Final

The Worth of Waste

You feel like crying. You feel like ensconcing yourself in a cocoon of stiff blankets, giving yourself to the decay of death, the hopelessness of reality.

Look how far you've deteriorated. Two in the morning, red-eyed and awake. Clothes strewn on the floor, and other sundries littering the matted expanse of scratched wood in equal disarray. What happened to the straight A's student, who existed in some fantasy in what seems like decades ago? Who knew the neatly combed and clipped hair would become an unkempt crop of indistinguishable locks; who knew the radiance of your countenance could become one that exudes sleeplessness, fatigue, and something that so closely resembles a deathly decomposition?

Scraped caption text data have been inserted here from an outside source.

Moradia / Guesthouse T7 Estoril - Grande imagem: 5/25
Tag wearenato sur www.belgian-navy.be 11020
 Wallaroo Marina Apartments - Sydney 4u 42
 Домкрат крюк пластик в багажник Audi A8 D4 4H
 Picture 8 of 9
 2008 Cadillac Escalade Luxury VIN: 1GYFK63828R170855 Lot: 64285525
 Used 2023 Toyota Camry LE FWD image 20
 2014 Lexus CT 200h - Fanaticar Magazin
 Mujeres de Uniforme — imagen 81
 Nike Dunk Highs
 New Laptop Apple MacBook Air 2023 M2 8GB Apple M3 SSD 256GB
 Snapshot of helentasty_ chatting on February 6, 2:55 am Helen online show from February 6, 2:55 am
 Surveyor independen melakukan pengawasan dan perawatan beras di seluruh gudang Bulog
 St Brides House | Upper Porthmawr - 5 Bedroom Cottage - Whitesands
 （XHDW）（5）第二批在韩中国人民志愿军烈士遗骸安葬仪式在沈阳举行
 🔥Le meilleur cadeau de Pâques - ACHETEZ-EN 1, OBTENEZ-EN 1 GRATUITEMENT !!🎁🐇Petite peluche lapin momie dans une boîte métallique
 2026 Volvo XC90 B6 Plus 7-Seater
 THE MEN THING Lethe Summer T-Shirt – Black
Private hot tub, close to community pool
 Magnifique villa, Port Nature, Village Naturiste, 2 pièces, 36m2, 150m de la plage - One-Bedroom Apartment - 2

Every day you glare at yourself before a grimy mirror, reeking of stale sweat. As your bloodshot eyes pierce themselves accusingly, you see and feel it all, more acutely than the pain in your chest:  The grubby feeling of weight and ugliness on your body; the shuffled and grotesque appearance every morning - afternoon - and your pointless days of nothing well-spent.

You resent yourself. You can do something about it - you can clean your house, go for a quick jog - but no option appeals to you as favourable in the least. You have succumbed to despondency.

Almost as if I've given up, you think, groggy and angry. What a waste of space. Your diminutive room is in a mess, and your disposition even more so. But everything now, it seems, appears as a vague blur of no meaning, like a fuzzy static suspending itself over your conscience.

The tips of your fingers press themselves against the surface of the mirror; even they seem repulsed. The glass could have cracked.